Forward declare typedef within C++ class

Question

What's the best solution to forward declare a typedef within a class. Here's an example of what I need to solve:

class A;
class B;

class A
{
    typedef boost::shared_ptr<A> Ptr;

    B::Ptr foo();
};

class B
{
    typedef boost::shared_ptr<B> Ptr;

    A::Ptr bar();
};

I suppose I could just do the following:

boost::shared_ptr<B> foo();

But is there a more elegant solution?

Answer 1

There is no such thing as forward declaring a typedef unfortunately. However, there's a trick using late template instantiation:

template <typename T> class BImpl;

template <typename T>
class AImpl
{
public:
    typedef boost::shared_ptr<AImpl> Ptr;
    typename BImpl<T>::Ptr foo();
};

template <typename T>
class BImpl
{
public:
    typedef boost::shared_ptr<BImpl> Ptr;
    typename AImpl<T>::Ptr bar();
};

typedef AImpl<void> A;
typedef BImpl<void> B;

This should hopefully accomplish the thing you're aiming for.

Answer 2

You're facing two distinct difficulties: 1. There are no forward declarations of typedefs 2. Forward declarations of nested types are not possible

There is no way around the second: you have to unnest the types.
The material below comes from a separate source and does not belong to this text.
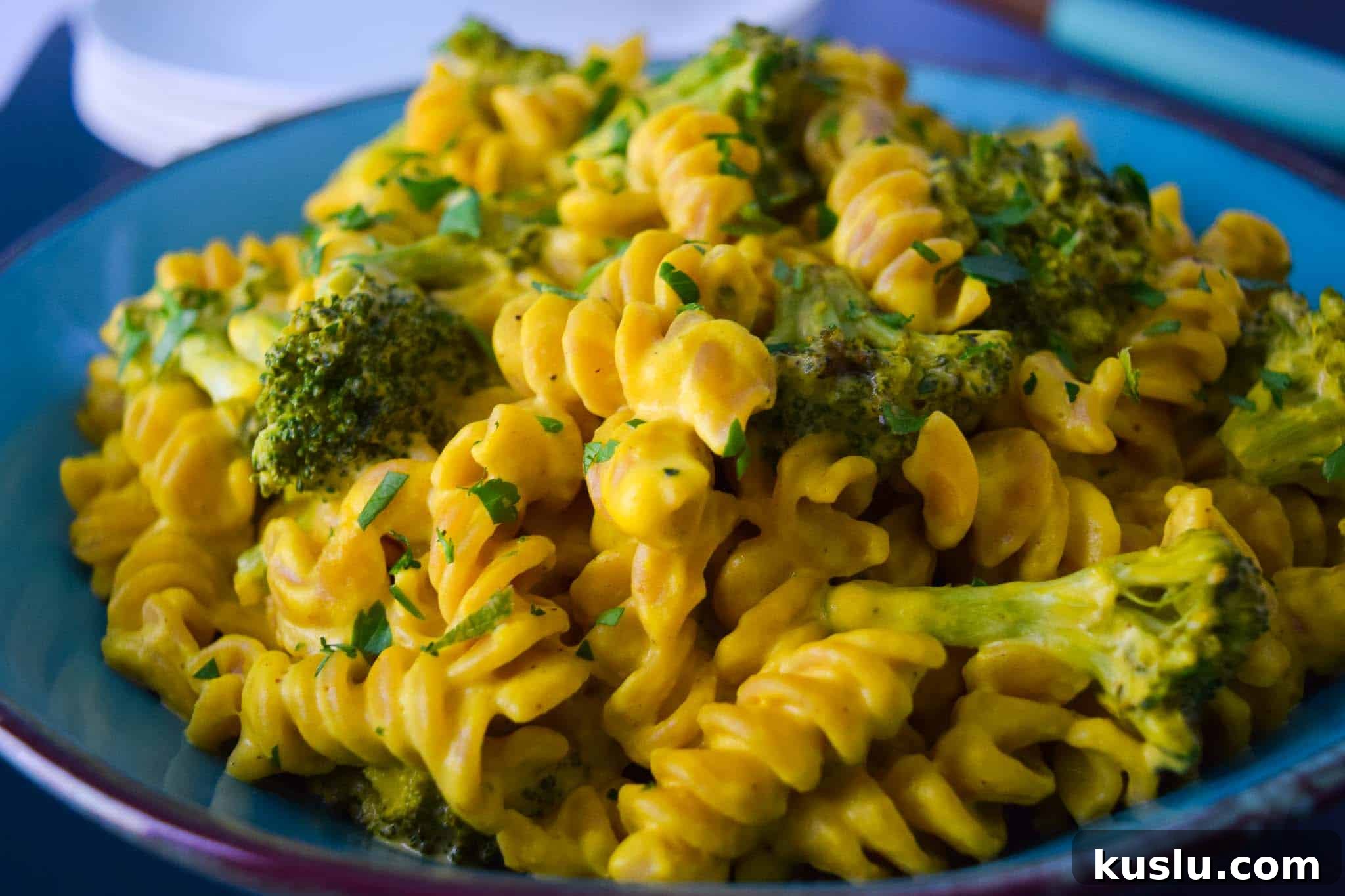 Secret Ingredient Roasted Broccoli Rotini on blue plate close up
One way around the first that I occasionally use is to make a derived type, and that yes, can be forwardly declared.

Say:

struct Ptr : shared_ptr<A> {};

This is a new type, but it is almost the same as a synonym. The problem, of course, is constructors, but that is getting better with C++11.
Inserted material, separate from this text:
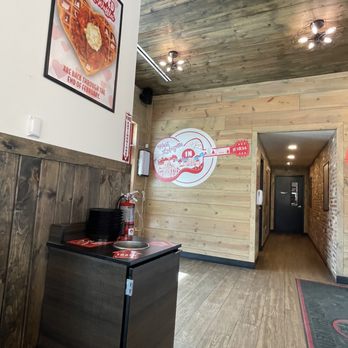 Slim Chickens - Entrance and restrooms - American Near Me - West Lafayette, Indiana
This answer, of course, is in general. For your specific case, I think you should define the Ptrs outside the classes and you would have no problem at all.

struct A;
struct B;
typedef shared_ptr<A> APtr;
typedef shared_ptr<B> BPtr;

and then the classes.

Answer 3

There's no way to forward declare either

1. A typedef
2. A name in another class

So - you can't forward declare a typedef and if you could, you still wouldn't be able to do that, because you'd need to do this:

class B::Ptr;

and that's not possible

Answer 4

You cannot.

But you can decouple the Ptr definition of the classes:

class A;
class B;

template <typename T>
struct Traits {
    typedef std::shared_ptr<A>  Ptr; 
};

class A
{
    Traits<B>::Ptr foo();
};

class B
{
    Traits<A>::Ptr bar();
};

If A and B does not share the same types, you always can specialize Traits for all type.

Answer 5

As others have noted, you cannot forward-declare typedefs. That's in part because typedefs aren't really "types" of their own, but aliases for other types (hence the C++11 equivalent notion of a "type alias" such as "using Int = int;"). That means, for example, that typedefs don't show up in ABI elements such as mangled names, and so the compiler really has to know enough of the underlying type to satisfy all ABI requirements (including how to mangle the type name).